Paul Sauveplane : la transparence
Rien ne lui prédisait une carrière dans les RH. Féru d’art et de littérature, Paul Sauveplane doit sa réussite à son goût de l’effort et à sa capacité à provoquer les bonnes rencontres. Enfant, il se rêvait cuisinier au château d’Angers ; il a choisi la cantine d’Alan, sur le canal Saint-Martin, pour cet échange. L’occasion de se livrer avec enthousiasme sur son parcours jalonné de succès.
De la régulation financière...
Fils d’une mère au foyer et d’un père chef d’une petite entreprise du BTP, Paul Sauveplane grandit dans le quartier de la Porte Dorée, dans le 12e arrondissement de Paris, au sein d’une famille soudée. En classe de CM1, il croise la route d’une enseignante qui repère sa vivacité d’esprit. Elle incite ses parents à lui faire poursuivre sa scolarité à Saint-Michel de Picpus, collège-lycée de renom. C’est le début d’une trajectoire qui le mène vers la classe préparatoire aux grandes écoles de Louis Le Grand puis à Polytechnique. Il en sort diplômé en 2009, “au moment où les questions de régulation financière prennent de l’importance, à la suite de la crise des subprimes et de la chute de Lehman Brothers”. Il obtient dans la foulée un diplôme d’actuariat de l’ENSAE, puis de finance et de stratégie à Sciences Po Paris – bien qu’il ait “essentiellement assisté à des cours d’affaires publiques”, l’une de ses matières de coeur.
Passionné d’économie, de finance et de stratégie, Paul Sauveplane choisit la haute fonction publique et entre à l’Autorité de contrôle prudentiel et de résolution (ACPR). Pendant quatre ans, il assure la supervision d’AXA en France puis dans le monde. La crise des dettes souveraines de la zone euro, qui sévit entre 2010 et 2012, vient toutefois transformer l’environnement dans lequel il évolue : le cadre réglementaire européen se renforce et les autorités de contrôle sont adossées aux banques centrales. Désormais rattaché à la Banque de France, il décide pourtant de quitter cette structure bicentenaire pour se rapprocher du pouvoir politique : si elle est synonyme d’excellence, cette grande institution est trop inerte à son goût. Il intègre alors l’Inspection générale des Finances, “une école de rigueur et d’autonomie”. L’occasion de travailler sur la politique agricole, de définir le cadre de l’accès au logement ou de préciser la position de la France lors de la négociation du traité transatlantique.

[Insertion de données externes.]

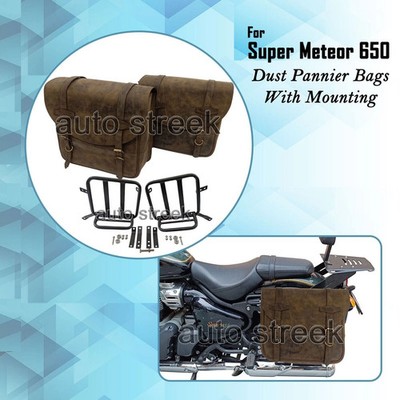 For Royal Enfield ''SUPER METEOR 650'' Dust Color Leather Pannier Bag & Mounting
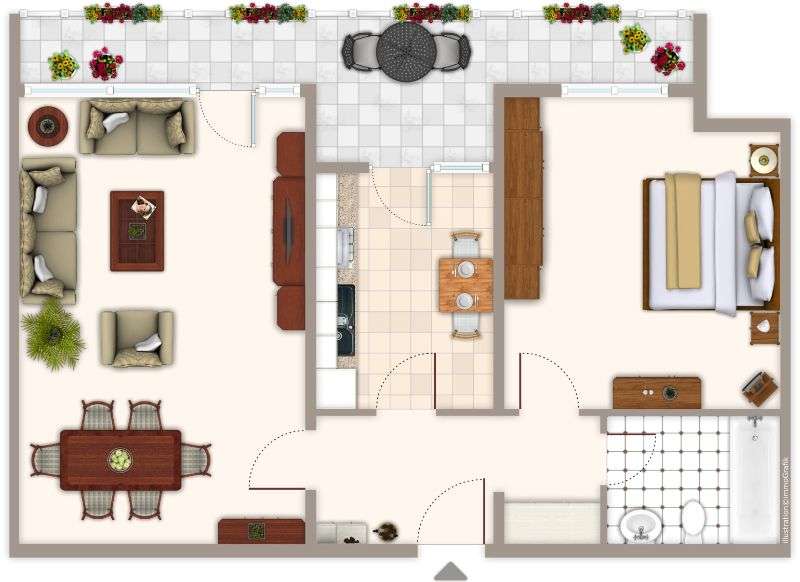 Etagenwohnung Mönchengladbach Hardterbroich-Pesch - 2 Zimmer, 61 m&sup2;, 379&euro; | Angebot:25940568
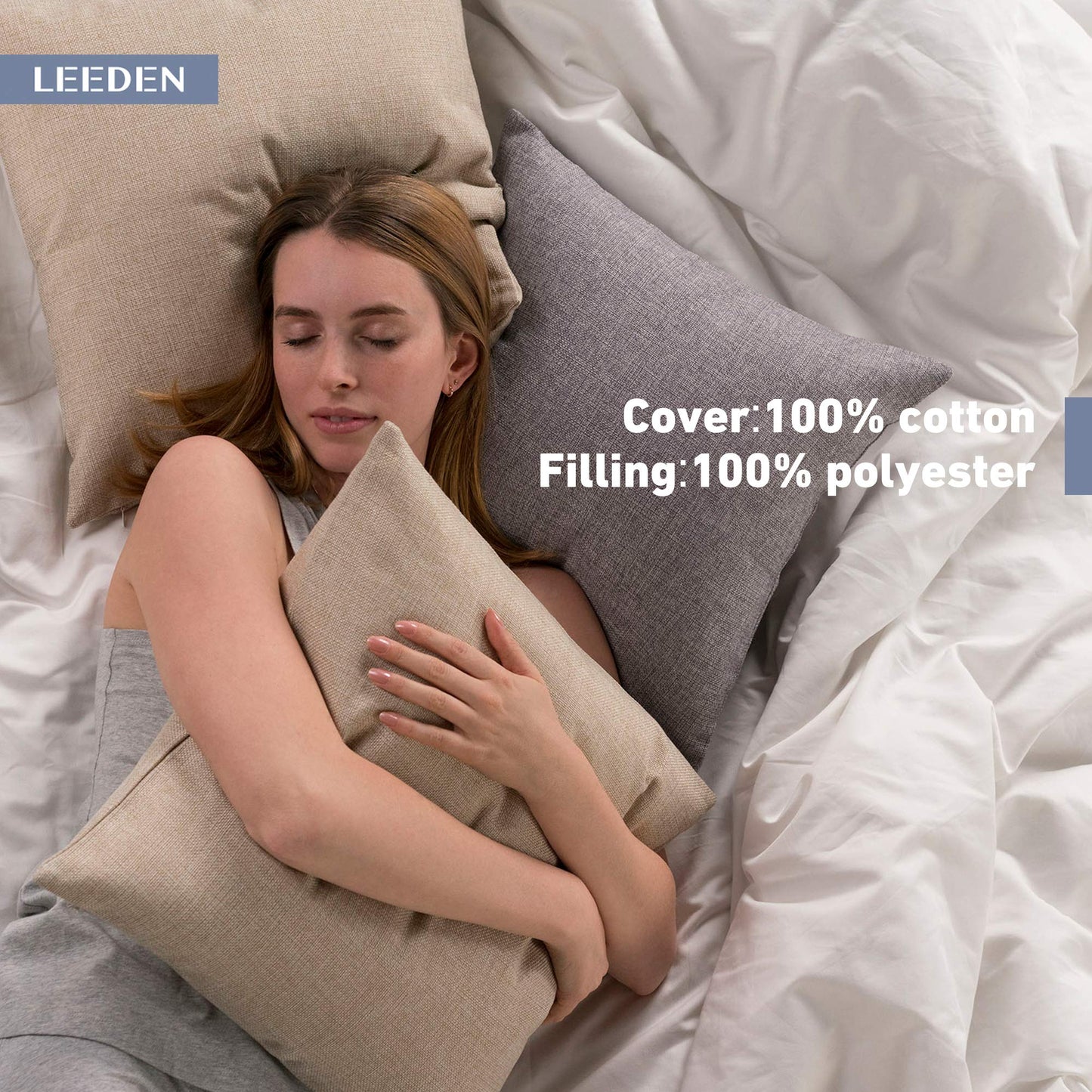 Leeden 18 x 18 Pillow Inserts (Set of 2) - Throw Pillow Inserts with 100% Cotton Cover - 18 Inch Square Decorative Pillows for Sofa, Couch, Bed and Home Decor - Medaid International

Été 2015. La start-up nation est encore loin. Jean-Charles Samuelian-Werve, cofondateur d’Alan, sollicite les conseils du jeune inspecteur des Finances, qui reconnaît ne pas avoir été tout à fait convaincu par la capacité de l’assureur à trouver sa place sur le marché. Après plusieurs échanges, proposition lui est faite de rejoindre Alan. Il décline.
... à la santé pour tous
À la même époque, sa femme se voit offrir un poste au sein du Fonds monétaire international (FMI), à Washington. Elle opte finalement pour la Commission européenne. Un déménagement à Bruxelles avec leur premier enfant plus tard, et les cartes sont rebattues. À 29 ans, le haut fonctionnaire accepte enfin d’embarquer dans l’aventure Alan, et découvre, après la rigueur de Bercy, le monde de l’entrepreneuriat et ses méthodes de travail radicalement différentes.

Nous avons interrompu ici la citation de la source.